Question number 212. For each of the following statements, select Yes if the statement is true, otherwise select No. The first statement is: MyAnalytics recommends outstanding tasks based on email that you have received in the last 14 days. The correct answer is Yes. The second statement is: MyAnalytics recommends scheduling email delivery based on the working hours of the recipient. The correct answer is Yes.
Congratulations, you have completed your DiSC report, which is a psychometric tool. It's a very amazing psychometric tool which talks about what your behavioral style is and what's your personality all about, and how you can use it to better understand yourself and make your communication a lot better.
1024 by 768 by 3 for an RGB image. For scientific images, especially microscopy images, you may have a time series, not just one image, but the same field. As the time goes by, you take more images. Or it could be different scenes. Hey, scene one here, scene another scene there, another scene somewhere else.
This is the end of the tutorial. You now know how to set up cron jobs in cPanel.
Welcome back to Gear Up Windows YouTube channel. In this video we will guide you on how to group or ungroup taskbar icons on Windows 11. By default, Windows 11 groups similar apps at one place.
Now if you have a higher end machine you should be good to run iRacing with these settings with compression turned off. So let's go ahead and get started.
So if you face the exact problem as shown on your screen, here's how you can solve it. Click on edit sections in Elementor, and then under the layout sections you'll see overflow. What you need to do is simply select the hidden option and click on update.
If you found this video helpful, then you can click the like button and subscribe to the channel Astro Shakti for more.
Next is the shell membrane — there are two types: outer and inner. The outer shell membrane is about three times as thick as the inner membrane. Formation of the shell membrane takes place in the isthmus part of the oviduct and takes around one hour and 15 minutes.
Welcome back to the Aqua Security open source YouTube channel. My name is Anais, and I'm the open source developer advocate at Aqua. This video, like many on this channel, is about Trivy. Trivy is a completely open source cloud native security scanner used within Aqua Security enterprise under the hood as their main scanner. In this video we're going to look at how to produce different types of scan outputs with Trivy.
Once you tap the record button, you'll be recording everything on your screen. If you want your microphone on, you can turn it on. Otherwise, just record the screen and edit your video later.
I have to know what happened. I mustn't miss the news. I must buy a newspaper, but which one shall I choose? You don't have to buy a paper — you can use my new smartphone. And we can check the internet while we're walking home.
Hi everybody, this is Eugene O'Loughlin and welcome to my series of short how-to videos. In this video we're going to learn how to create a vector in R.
● ● ● ● ● ● ●
> **Directions**
Within the listing above, give again exactly every line from the line with "This is the" through the line with "Next is the", both included, and no other line.

> **Answer**
This is the end of the tutorial. You now know how to set up cron jobs in cPanel.
Welcome back to Gear Up Windows YouTube channel. In this video we will guide you on how to group or ungroup taskbar icons on Windows 11. By default, Windows 11 groups similar apps at one place.
Now if you have a higher end machine you should be good to run iRacing with these settings with compression turned off. So let's go ahead and get started.
So if you face the exact problem as shown on your screen, here's how you can solve it. Click on edit sections in Elementor, and then under the layout sections you'll see overflow. What you need to do is simply select the hidden option and click on update.
If you found this video helpful, then you can click the like button and subscribe to the channel Astro Shakti for more.
Next is the shell membrane — there are two types: outer and inner. The outer shell membrane is about three times as thick as the inner membrane. Formation of the shell membrane takes place in the isthmus part of the oviduct and takes around one hour and 15 minutes.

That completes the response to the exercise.